= Beginning of Section =
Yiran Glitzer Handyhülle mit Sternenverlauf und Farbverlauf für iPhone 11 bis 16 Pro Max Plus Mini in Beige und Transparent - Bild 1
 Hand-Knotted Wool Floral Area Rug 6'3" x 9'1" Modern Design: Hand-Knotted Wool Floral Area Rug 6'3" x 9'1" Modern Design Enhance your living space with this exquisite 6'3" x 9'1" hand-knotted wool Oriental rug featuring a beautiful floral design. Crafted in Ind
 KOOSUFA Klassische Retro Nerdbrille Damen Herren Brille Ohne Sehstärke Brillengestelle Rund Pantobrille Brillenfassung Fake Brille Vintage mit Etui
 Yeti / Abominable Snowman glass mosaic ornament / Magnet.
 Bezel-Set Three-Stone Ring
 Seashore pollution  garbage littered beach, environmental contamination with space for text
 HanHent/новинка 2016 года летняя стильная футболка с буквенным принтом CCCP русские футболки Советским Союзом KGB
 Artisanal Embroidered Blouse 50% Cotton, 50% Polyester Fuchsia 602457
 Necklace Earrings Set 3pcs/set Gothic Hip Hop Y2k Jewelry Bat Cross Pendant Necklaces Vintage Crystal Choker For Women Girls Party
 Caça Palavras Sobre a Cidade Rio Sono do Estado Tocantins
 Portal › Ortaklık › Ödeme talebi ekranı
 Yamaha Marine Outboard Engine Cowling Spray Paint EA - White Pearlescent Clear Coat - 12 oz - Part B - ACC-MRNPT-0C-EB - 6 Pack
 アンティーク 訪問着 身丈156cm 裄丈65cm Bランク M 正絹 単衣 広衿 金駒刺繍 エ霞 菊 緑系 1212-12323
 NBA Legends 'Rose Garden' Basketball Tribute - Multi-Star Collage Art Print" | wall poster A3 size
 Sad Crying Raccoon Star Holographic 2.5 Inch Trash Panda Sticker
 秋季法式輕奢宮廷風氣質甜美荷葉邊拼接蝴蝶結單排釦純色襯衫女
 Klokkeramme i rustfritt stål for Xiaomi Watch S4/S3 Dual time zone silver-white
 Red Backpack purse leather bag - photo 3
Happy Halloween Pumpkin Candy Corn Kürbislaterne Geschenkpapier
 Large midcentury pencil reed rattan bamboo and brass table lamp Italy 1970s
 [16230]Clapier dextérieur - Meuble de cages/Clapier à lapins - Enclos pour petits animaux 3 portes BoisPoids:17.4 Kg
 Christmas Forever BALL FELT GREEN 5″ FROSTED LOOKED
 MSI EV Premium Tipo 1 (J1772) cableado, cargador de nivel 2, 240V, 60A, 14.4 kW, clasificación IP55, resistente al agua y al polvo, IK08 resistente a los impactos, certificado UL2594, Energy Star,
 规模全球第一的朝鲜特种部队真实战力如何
= End of Section =
■ Work required
Each line that includes "Vintage" counts once; state how many such lines the listing has, with no other words.

■ Response area
2